This was originally posted on the Kubernetes blog.

Earlier this year at Weaveworks we launched Weave Scope, an open source solution for visualization and monitoring of containerised apps and services. Recently we released a hosted Scope service into an Early Access Program. Today, we want to walk you through how we initially prototyped that service, and how we ultimately chose and deployed Kubernetes as our platform.

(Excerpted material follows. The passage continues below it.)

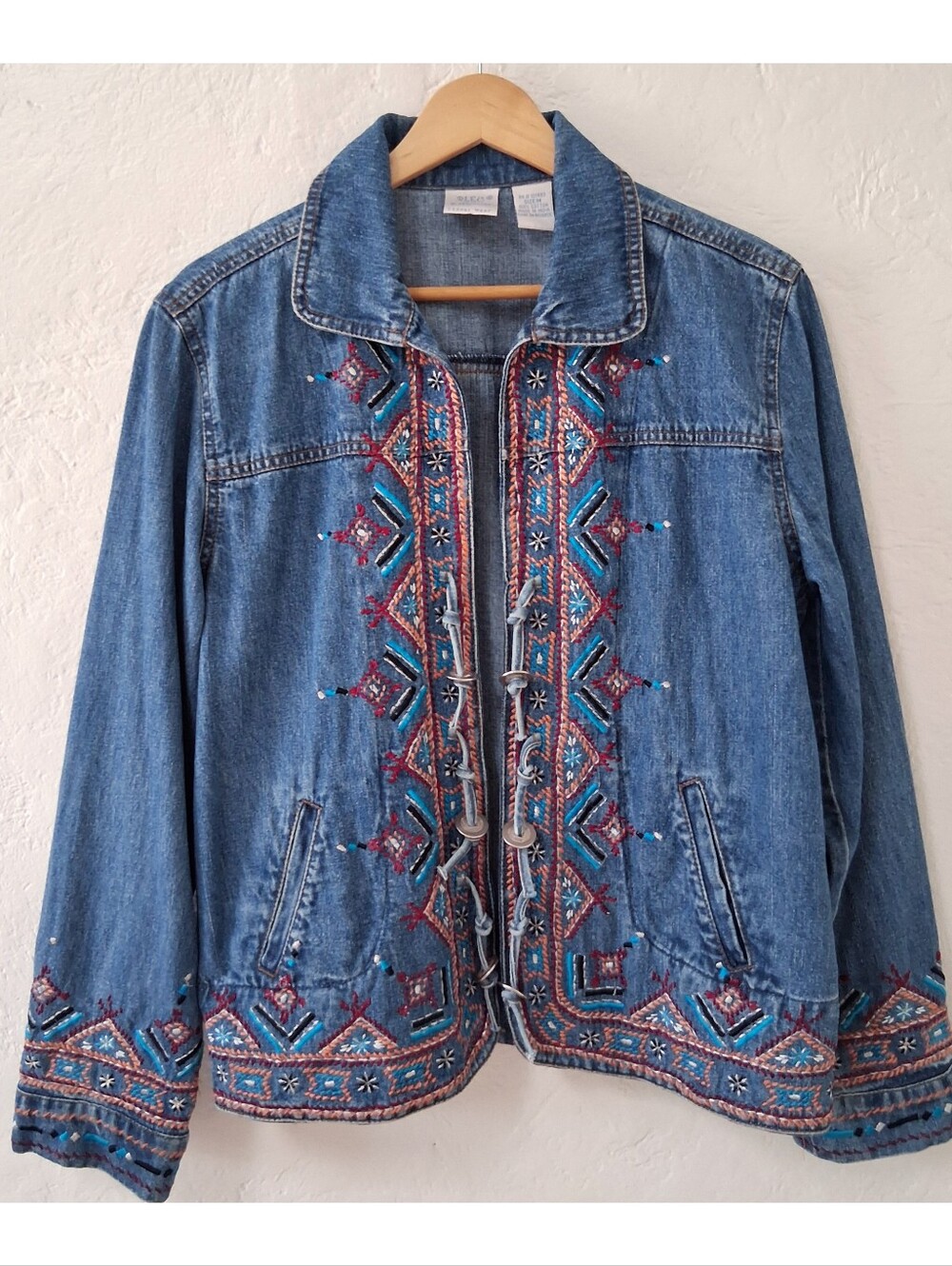 VTG 90s Blue Bayou Embroidered Denim Jacket M Oversized Boho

A cloud-native architecture

Scope already had a clean internal line of demarcation between data collection and user interaction, so it was straightforward to split the application on that line, distribute probes to customers, and host frontends in the cloud. We built out a small set of microservices in the 12-factor model, which includes:

  • A users service, to manage and authenticate user accounts
  • A provisioning service, to manage the lifecycle of customer Scope instances
  • A UI service, hosting all of the fancy HTML and JavaScript content
  • A frontend service, to route requests according to their properties
  • A monitoring service, to introspect the rest of the system

All services are built as Docker images, FROM scratch where possible. We knew that we wanted to offer at least 3 deployment environments, which should be as near to identical as possible.

  • An “Airplane Mode” local environment, on each developer’s laptop
  • A development or staging environment, on the same infrastructure that hosts production, with different user credentials
  • The production environment itself

These were our application invariants. Next, we had to choose our platform and deployment model.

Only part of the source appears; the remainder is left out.